Context
I have a pySpark-query that creates a rather large DAG. Thus, I break the lineage using checkpoint(eager=True)
to shrink it which normally works.
Note: I do not use localCheckpoint()
since I use dynamic ressource allocation (see the docs for reference about this).
# --> Pseudo-code! <--
spark = SparkSession()
sc= SparkContext()
# Collect distributed data sources which results in touching a lot of files
# -> Large DAG
df1 = spark.sql("Select some data")
df2 = spark.sql("Select some other data")
df3 ...
# Bring these DataFrames together to break lineage and shorten DAG
# Note: In "eager"-mode this is executed right away
intermediate_results = df1.union(df2).union(df)....
sc.setCheckpointDir("hdfs:/...")
checkpointed_df = intermediate_results.checkpoint(eager=True)
# Now continue to do stuff
df_X = spark.sql("...")
result = checkpointed_df.join(df_X ...)
Problem
I start the Spark-session in client-mode (admin-requirement) in a Docker container in a Kubernetes cluster (respectively some third party product manages this as set up by the admins).

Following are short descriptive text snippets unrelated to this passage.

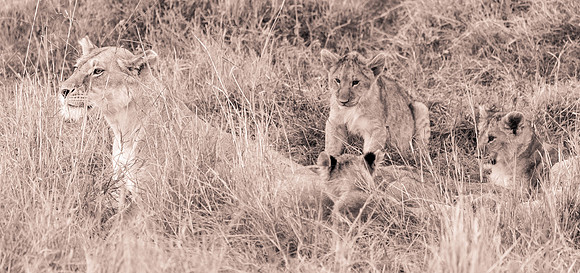 20130919_Kenya_0067
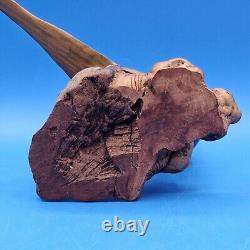 Carved Wood Ringneck Pheasant Folk Art Mounted On Burl Wood 10 In Long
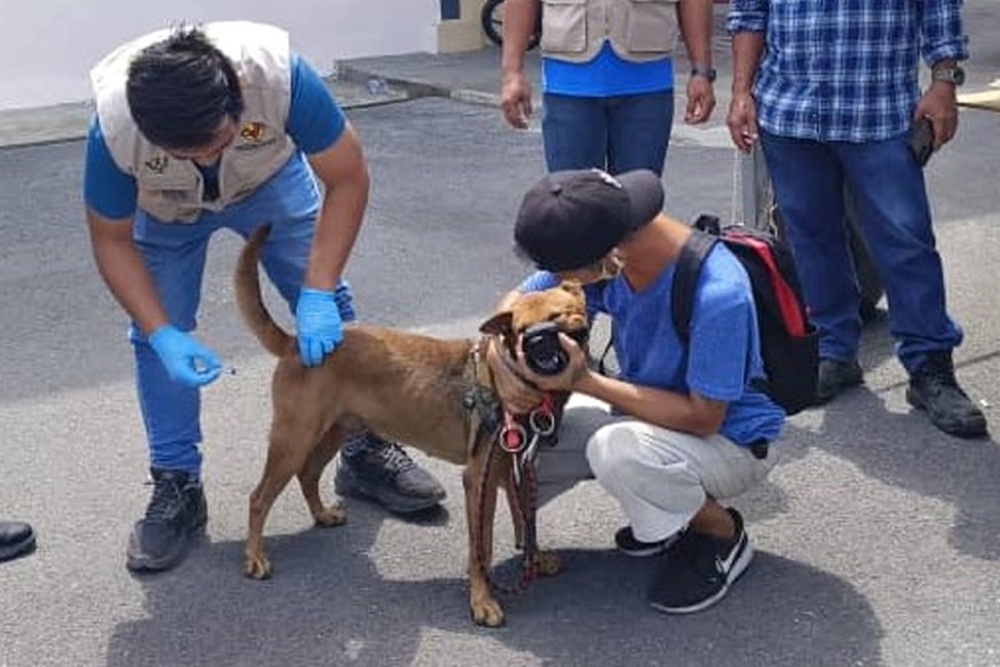 Sarawak enforces mandatory anti-rabies vaccination for all pets dogs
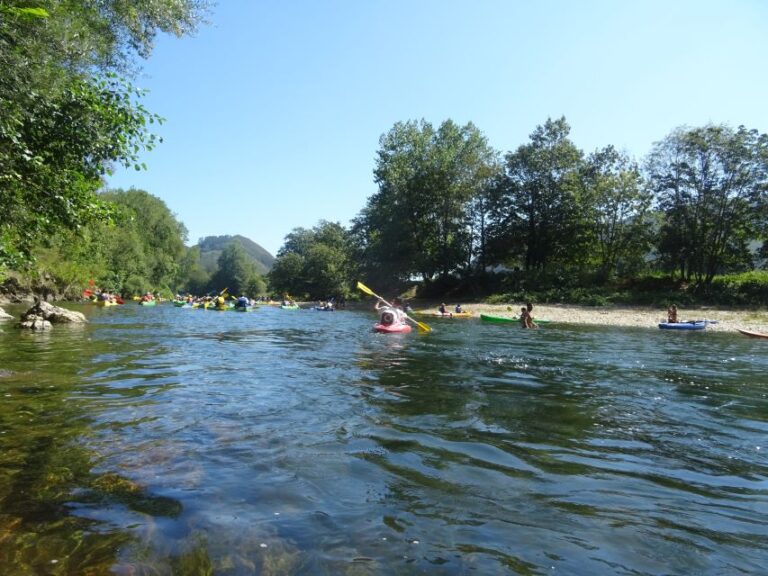 Arriondas: Canoeing Adventure Descent on the Sella River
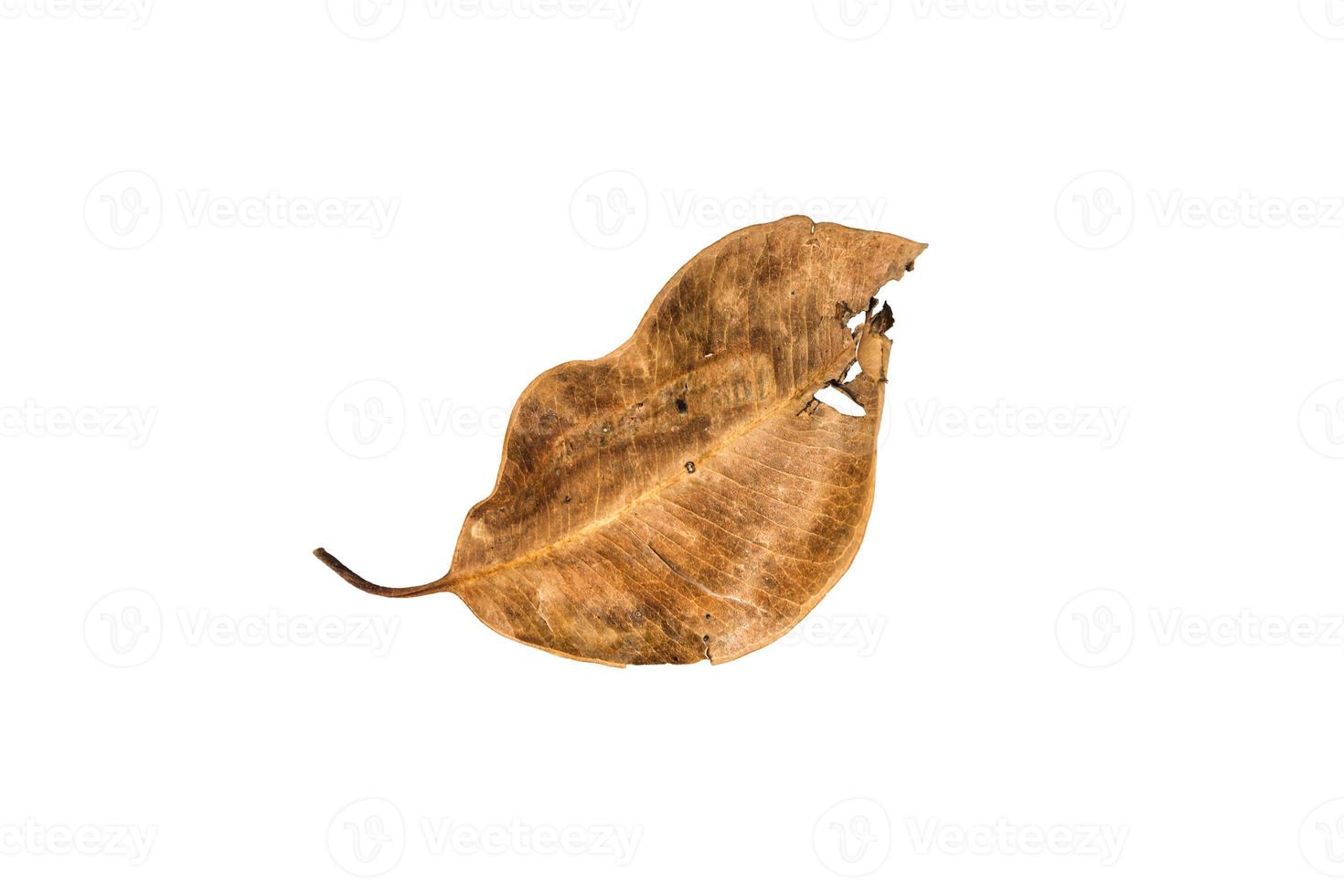 Dry leaf on isolated background Clipping path photo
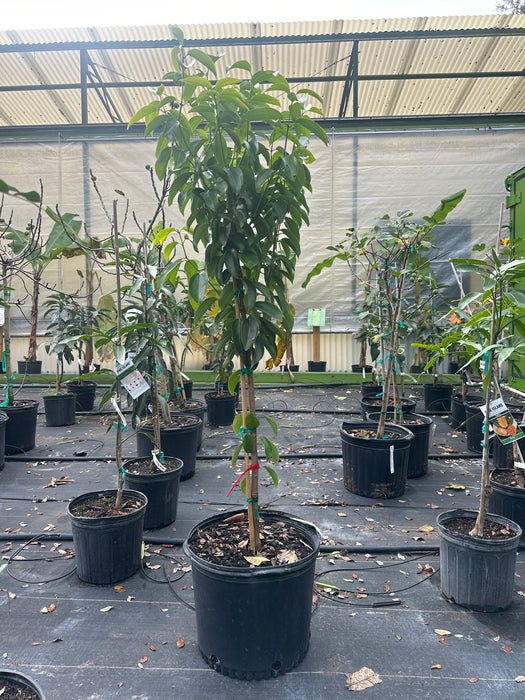 fresh cinnamon plant Cinnamon Tree — Jolly Green Nursery
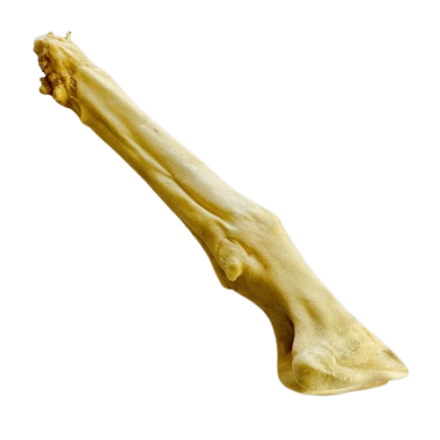 Goat Feet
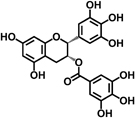 inline image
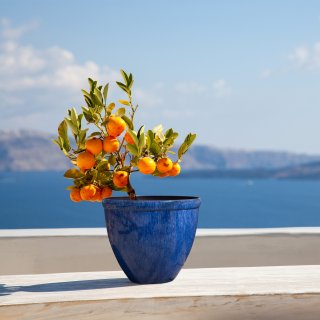 Jinfa Blumenkbel aus Kunststoff in glasierter...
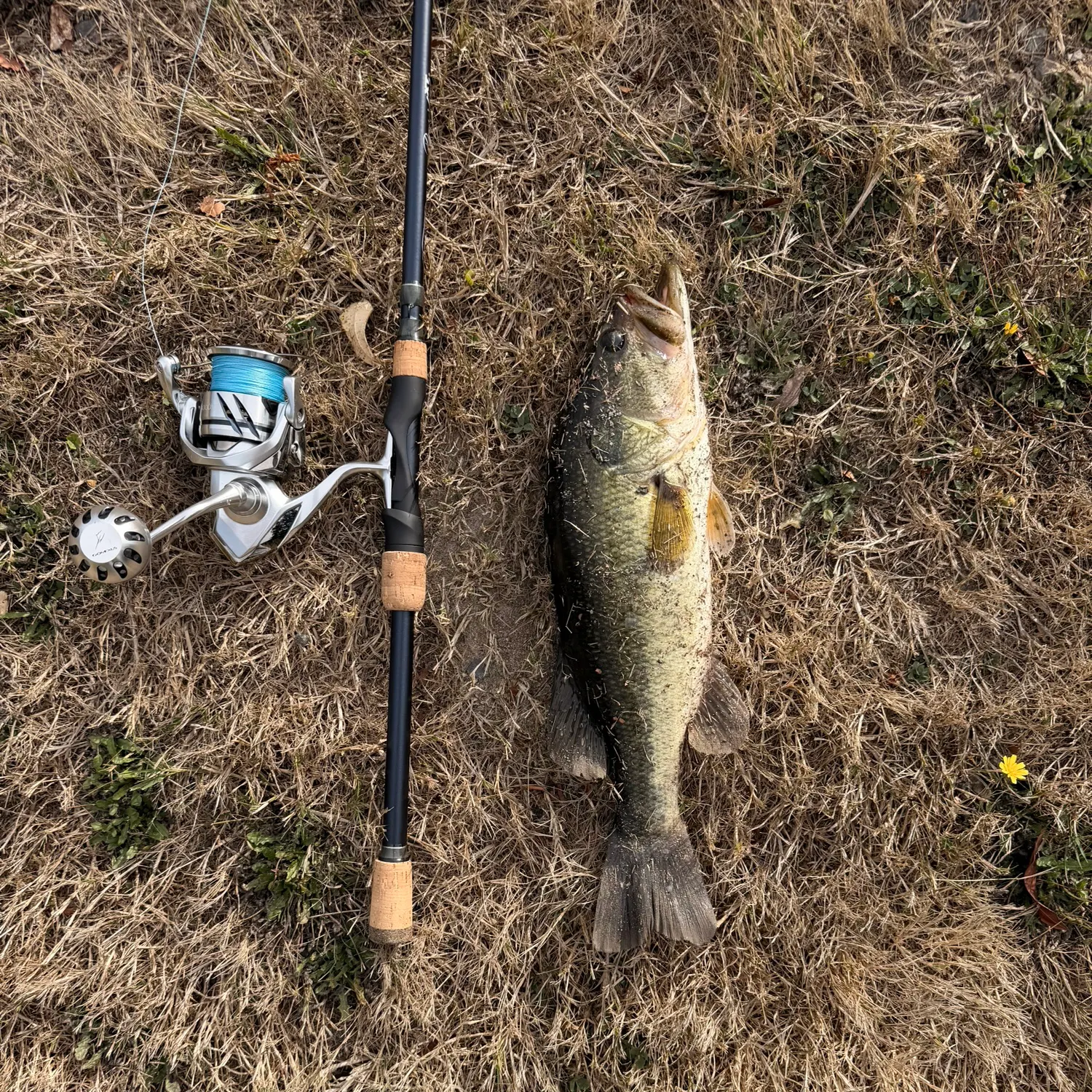 Largemouth bass caught on Fishbrain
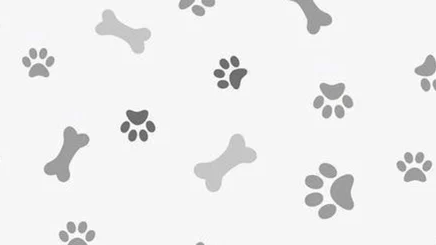 Fryes Furry Groupのバナー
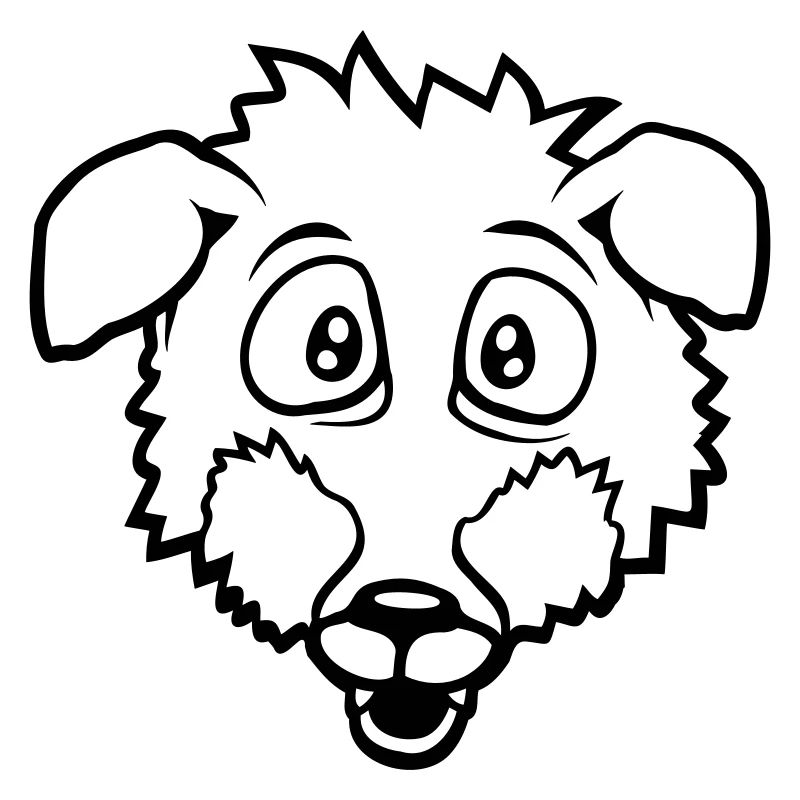 Fox Big Eyes Scared Happy Fear Cool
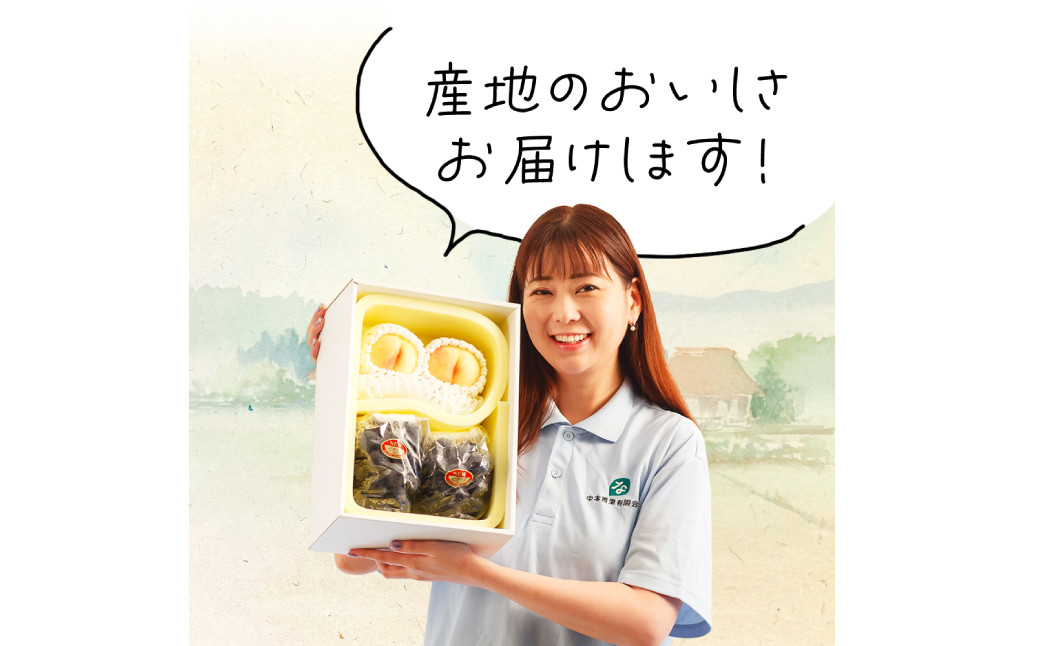 岡山県産 詰合せ/白桃2玉とニューピオーネ2房 化粧箱入り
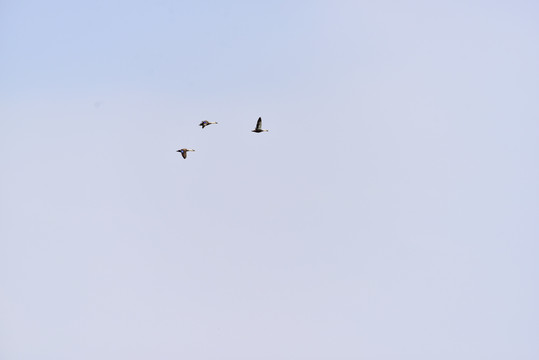 蓝天上飞翔的野鸭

When I execute my code and intermediate_results.checkpoint(eager=True)
two things happen:
- I receive a pySpark-error about loosing the connection to the JVMs and a resulting calling-error:
py4j.protocol.Py4JNetworkError: Answer from Java side is empty ... Py4JError: An error occurred while calling o1540.checkpoint
This is of course a very shortened StackTrace.
- The software controlling the Docker states:
Engine exhausted available memory, consider a larger engine size.
This refers to an exceeded memory-limit of the container.
Question
The only reason I can explain myself that the Docker-containers memory-limit is exceeded would be that checkpoint()
actually passes data through the driver at some point. Otherwise, I have no action which would collect anything to the driver on purpose. However, I didn't read anything about it in the docs.
- Does
checkpoint()
actually consume memory in the driver when executed? - Did anybody encounter a similar error-behaviour and can pin out that this is deriving from something else?